* [TASK BRIEF]: The response must be a precise copy of the records that follow.

PROVIDED INFORMATION below:

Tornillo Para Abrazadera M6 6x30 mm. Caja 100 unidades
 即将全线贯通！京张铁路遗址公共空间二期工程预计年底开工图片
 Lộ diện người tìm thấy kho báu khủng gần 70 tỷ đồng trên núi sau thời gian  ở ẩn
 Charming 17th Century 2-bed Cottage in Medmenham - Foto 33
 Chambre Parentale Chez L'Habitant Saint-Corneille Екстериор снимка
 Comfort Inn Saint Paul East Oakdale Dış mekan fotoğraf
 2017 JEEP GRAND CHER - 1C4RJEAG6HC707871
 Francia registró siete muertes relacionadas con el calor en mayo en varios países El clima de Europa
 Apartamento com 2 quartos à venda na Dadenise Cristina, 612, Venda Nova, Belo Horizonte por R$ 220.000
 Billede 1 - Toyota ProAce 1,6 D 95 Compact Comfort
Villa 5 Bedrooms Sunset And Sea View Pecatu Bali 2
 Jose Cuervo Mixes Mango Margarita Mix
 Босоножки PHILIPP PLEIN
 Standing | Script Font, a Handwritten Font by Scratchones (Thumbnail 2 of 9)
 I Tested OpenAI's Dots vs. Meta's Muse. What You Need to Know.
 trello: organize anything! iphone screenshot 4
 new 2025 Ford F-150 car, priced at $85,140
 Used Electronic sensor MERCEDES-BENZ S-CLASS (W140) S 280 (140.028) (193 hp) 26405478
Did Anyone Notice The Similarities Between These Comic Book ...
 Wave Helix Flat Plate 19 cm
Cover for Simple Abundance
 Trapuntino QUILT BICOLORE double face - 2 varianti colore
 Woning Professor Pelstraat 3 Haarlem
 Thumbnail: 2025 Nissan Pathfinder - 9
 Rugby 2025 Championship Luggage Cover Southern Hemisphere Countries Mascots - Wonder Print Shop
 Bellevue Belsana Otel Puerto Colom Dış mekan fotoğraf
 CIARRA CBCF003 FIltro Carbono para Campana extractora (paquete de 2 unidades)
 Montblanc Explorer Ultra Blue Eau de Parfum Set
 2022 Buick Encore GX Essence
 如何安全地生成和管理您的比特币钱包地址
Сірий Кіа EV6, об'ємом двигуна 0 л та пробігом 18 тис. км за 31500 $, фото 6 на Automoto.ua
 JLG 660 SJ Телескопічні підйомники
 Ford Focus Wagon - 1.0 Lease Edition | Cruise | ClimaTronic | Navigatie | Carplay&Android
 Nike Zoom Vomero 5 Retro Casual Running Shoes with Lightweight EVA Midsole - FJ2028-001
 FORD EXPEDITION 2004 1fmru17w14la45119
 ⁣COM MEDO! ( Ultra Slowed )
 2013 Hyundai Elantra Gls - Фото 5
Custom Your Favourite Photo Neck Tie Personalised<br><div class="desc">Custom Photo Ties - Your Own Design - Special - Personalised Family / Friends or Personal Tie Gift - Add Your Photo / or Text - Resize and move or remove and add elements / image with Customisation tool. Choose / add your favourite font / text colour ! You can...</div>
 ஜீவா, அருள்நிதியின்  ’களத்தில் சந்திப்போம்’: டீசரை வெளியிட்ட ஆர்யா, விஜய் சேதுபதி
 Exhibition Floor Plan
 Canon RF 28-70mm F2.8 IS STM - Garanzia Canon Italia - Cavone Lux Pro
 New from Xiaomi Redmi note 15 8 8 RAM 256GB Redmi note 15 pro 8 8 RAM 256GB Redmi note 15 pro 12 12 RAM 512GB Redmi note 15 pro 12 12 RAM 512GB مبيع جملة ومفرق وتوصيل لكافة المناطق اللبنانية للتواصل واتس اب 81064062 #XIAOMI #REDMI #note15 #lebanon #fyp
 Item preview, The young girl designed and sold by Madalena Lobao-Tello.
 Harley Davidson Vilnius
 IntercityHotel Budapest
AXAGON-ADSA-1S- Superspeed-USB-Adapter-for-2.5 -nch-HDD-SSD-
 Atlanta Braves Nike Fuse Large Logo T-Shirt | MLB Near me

End of PROVIDED INFORMATION.

* [SOLUTION TO THIS TASK]:
Tornillo Para Abrazadera M6 6x30 mm. Caja 100 unidades
 即将全线贯通！京张铁路遗址公共空间二期工程预计年底开工图片
 Lộ diện người tìm thấy kho báu khủng gần 70 tỷ đồng trên núi sau thời gian  ở ẩn
 Charming 17th Century 2-bed Cottage in Medmenham - Foto 33
 Chambre Parentale Chez L'Habitant Saint-Corneille Екстериор снимка
 Comfort Inn Saint Paul East Oakdale Dış mekan fotoğraf
 2017 JEEP GRAND CHER - 1C4RJEAG6HC707871
 Francia registró siete muertes relacionadas con el calor en mayo en varios países El clima de Europa
 Apartamento com 2 quartos à venda na Dadenise Cristina, 612, Venda Nova, Belo Horizonte por R$ 220.000
 Billede 1 - Toyota ProAce 1,6 D 95 Compact Comfort
Villa 5 Bedrooms Sunset And Sea View Pecatu Bali 2
 Jose Cuervo Mixes Mango Margarita Mix
 Босоножки PHILIPP PLEIN
 Standing | Script Font, a Handwritten Font by Scratchones (Thumbnail 2 of 9)
 I Tested OpenAI's Dots vs. Meta's Muse. What You Need to Know.
 trello: organize anything! iphone screenshot 4
 new 2025 Ford F-150 car, priced at $85,140
 Used Electronic sensor MERCEDES-BENZ S-CLASS (W140) S 280 (140.028) (193 hp) 26405478
Did Anyone Notice The Similarities Between These Comic Book ...
 Wave Helix Flat Plate 19 cm
Cover for Simple Abundance
 Trapuntino QUILT BICOLORE double face - 2 varianti colore
 Woning Professor Pelstraat 3 Haarlem
 Thumbnail: 2025 Nissan Pathfinder - 9
 Rugby 2025 Championship Luggage Cover Southern Hemisphere Countries Mascots - Wonder Print Shop
 Bellevue Belsana Otel Puerto Colom Dış mekan fotoğraf
 CIARRA CBCF003 FIltro Carbono para Campana extractora (paquete de 2 unidades)
 Montblanc Explorer Ultra Blue Eau de Parfum Set
 2022 Buick Encore GX Essence
 如何安全地生成和管理您的比特币钱包地址
Сірий Кіа EV6, об'ємом двигуна 0 л та пробігом 18 тис. км за 31500 $, фото 6 на Automoto.ua
 JLG 660 SJ Телескопічні підйомники
 Ford Focus Wagon - 1.0 Lease Edition | Cruise | ClimaTronic | Navigatie | Carplay&Android
 Nike Zoom Vomero 5 Retro Casual Running Shoes with Lightweight EVA Midsole - FJ2028-001
 FORD EXPEDITION 2004 1fmru17w14la45119
 ⁣COM MEDO! ( Ultra Slowed )
 2013 Hyundai Elantra Gls - Фото 5
Custom Your Favourite Photo Neck Tie Personalised<br><div class="desc">Custom Photo Ties - Your Own Design - Special - Personalised Family / Friends or Personal Tie Gift - Add Your Photo / or Text - Resize and move or remove and add elements / image with Customisation tool. Choose / add your favourite font / text colour ! You can...</div>
 ஜீவா, அருள்நிதியின்  ’களத்தில் சந்திப்போம்’: டீசரை வெளியிட்ட ஆர்யா, விஜய் சேதுபதி
 Exhibition Floor Plan
 Canon RF 28-70mm F2.8 IS STM - Garanzia Canon Italia - Cavone Lux Pro
 New from Xiaomi Redmi note 15 8 8 RAM 256GB Redmi note 15 pro 8 8 RAM 256GB Redmi note 15 pro 12 12 RAM 512GB Redmi note 15 pro 12 12 RAM 512GB مبيع جملة ومفرق وتوصيل لكافة المناطق اللبنانية للتواصل واتس اب 81064062 #XIAOMI #REDMI #note15 #lebanon #fyp
 Item preview, The young girl designed and sold by Madalena Lobao-Tello.
 Harley Davidson Vilnius
 IntercityHotel Budapest
AXAGON-ADSA-1S- Superspeed-USB-Adapter-for-2.5 -nch-HDD-SSD-
 Atlanta Braves Nike Fuse Large Logo T-Shirt | MLB Near me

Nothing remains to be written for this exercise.